My Shakespearean theatrical experience had got off to an auspicious start. And that wasn’t just my opinion. When I was able, a few years later, to look up some of the critical responses, it turned out that I had seen what was, for its time, the definitive production. And the company was extraordinary. Admittedly old cast-lists tend to be mouth-watering, in light of their performers’ subsequent careers, but take a look at this one. Clunes and Livesey were established stars at the time. Dorothy Tutin (a mischievous Katharine) was shortly to emerge as the leading young English actress of her generation. Dorothy Green (Queen of France) was one of the grande dames of the British theatre, a noted Cleopatra in her day. William Devlin (a Scotsman cast as the Welsh Fluellen) and Mark Dignam (Exeter) were recognised pillars of the classical theatre, and would remain so; Devlin had been a notable Lear in his twenties. Robert Eddison (Pistol, miscast by his own admission, but still) was a great eccentric stylist and would be so for decades, gaining in distinction by the year. Paul Rogers (Dauphin and Burgundy) and Leo McKern (Nym) were to become two of my own personal favourites, backbones of the theatre, never quite stars, though they got to play some star roles, immensely powerful and funny and versatile. Douglas Wilmer (French King) was nearly their equal. Rupert Davies (Williams) was to become famous as TV’s Inspector Maigret. Pauline Jameson (Alice) was another near-star, a poised delightful comedienne with a bewitching voice. John Blatchley (Bardolph) was to blossom as an actor, director and teacher. Douglas Campbell (Ambassador) and Tony Van Bridge (Westmoreland) were to figure in my life much later; they had both migrated to Canada in the 1950s, and became moving spirits in the burgeoning Canadian theatre, at the Stratford Festival (of whose company Campbell was a founding member) and beyond; when I moved there myself some thirty years later, they were still vigorously contributing. Richard Pasco (Gloucester), very young at the time, was to become one of the Royal Shakespeare Company’s signature leading men. Brian Smith (Boy) was an effervescent classical juvenile; writing this has unexpectedly brought back to me the image of his character’s dead body carried silently on stage in the aftermath of Agincourt.

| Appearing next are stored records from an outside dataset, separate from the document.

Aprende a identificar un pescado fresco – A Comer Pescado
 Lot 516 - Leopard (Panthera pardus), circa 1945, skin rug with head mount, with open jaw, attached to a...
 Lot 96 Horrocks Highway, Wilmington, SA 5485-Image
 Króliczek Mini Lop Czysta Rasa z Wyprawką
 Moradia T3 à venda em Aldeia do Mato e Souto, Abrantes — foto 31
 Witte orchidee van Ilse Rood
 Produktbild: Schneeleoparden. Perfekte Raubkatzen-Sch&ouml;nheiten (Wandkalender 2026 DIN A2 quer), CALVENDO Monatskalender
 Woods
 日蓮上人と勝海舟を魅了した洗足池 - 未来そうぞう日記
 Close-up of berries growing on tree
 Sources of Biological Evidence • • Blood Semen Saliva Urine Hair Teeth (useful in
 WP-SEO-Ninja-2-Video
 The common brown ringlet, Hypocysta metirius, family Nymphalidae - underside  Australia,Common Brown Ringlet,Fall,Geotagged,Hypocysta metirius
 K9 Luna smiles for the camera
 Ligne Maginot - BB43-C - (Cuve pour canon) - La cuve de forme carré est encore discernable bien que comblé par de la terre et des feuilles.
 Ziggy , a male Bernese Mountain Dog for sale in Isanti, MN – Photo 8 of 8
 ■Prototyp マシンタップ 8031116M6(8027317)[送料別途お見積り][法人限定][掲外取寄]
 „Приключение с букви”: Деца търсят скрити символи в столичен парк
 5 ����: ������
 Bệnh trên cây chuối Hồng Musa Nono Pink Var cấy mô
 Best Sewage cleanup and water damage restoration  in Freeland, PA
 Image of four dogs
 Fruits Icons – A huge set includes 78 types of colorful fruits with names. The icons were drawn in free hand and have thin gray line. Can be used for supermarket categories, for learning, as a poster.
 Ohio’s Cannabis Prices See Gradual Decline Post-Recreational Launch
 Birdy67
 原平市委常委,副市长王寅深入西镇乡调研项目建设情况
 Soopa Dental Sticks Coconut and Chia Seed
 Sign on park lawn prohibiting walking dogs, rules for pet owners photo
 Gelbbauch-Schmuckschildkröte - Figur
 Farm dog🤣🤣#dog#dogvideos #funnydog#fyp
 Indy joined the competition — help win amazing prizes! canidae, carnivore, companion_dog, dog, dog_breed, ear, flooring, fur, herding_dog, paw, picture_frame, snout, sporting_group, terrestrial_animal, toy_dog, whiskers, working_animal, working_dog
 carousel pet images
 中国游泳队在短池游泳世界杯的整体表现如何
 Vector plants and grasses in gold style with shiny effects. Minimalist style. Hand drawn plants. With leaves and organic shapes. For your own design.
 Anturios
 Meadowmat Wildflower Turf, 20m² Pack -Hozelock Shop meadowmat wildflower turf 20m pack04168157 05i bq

Glen Byam Shaw’s production was generally praised for its sparseness and humanity, which accords with my own obviously hazy impressions. One critic, speaking for most, called it “an achievement of sheer artistry of which the theatre can be proud.” The young Kenneth Tynan, in the earliest of his reviews to be included in his bumper anthology Curtains called it “perhaps the best all-round Shakespeare production the Vic has presented since the war”. The Old Vic Theatre itself had in fact been bombed in the blitz but the Vic company had survived, eventually moving to the New Theatre (now the Noel Coward) in the West End, where its joint artistic directors were Laurence Olivier and Ralph Richardson, each of whom delivered a series of apparently stunning performances: a brief golden age spanning the last two years of the war, recalled with reverence for decades after. The succeeding seasons saw a progressive decline, though in 1949-50 there was something of a resurgence under a new artistic director, Hugh Hunt. He was still in charge when the Vic moved back to its old now-renovated home in the Waterloo Road. Henry V was the outstanding production of that new reopening season. Without knowing it, I had stumbled into theatrical history.
Alec Clunes was a hugely sympathetic golden-voiced actor and his Henry was probably, by later standards, a romantic one. It was not, though, as uncomplicatedly patriotic as the wartime morale-boosting Olivier movie, a film invariably cited and decried by a later generation of literary critics as an example of how a text can be made to reflect the values of its time. (It sometimes seemed to be the only Shakespeare production any of these scholars had ever seen.) Tynan described Clunes’ Henry, with obvious approval, as a “triumphantly gentle gamester”. A few years later he changed his tune, if not perhaps his mind: “By stressing the ‘gentle gamester’ aspect of the part and delivering the rest as a trumpet voluntary, many actors have been able to blind us to the barbarity of Henry V” – a barbarity of which he had made no mention in his earlier article. He was writing now about Richard Burton’s 1955 Henry, again at the Vic; a production and performance I wish I had seen. In 1951 he had written, approvingly, “The play drives straight to those emotions of soil, birth, and breeding which we all profess to have outgrown.” His 1955 review began “Harry of Monmouth, butcher and sophist, is a figure hard to love for himself alone” and he went on to praise Burton for giving us “a cunning warrior, stocky and astute, unafraid of harshness or of curling the royal lip”.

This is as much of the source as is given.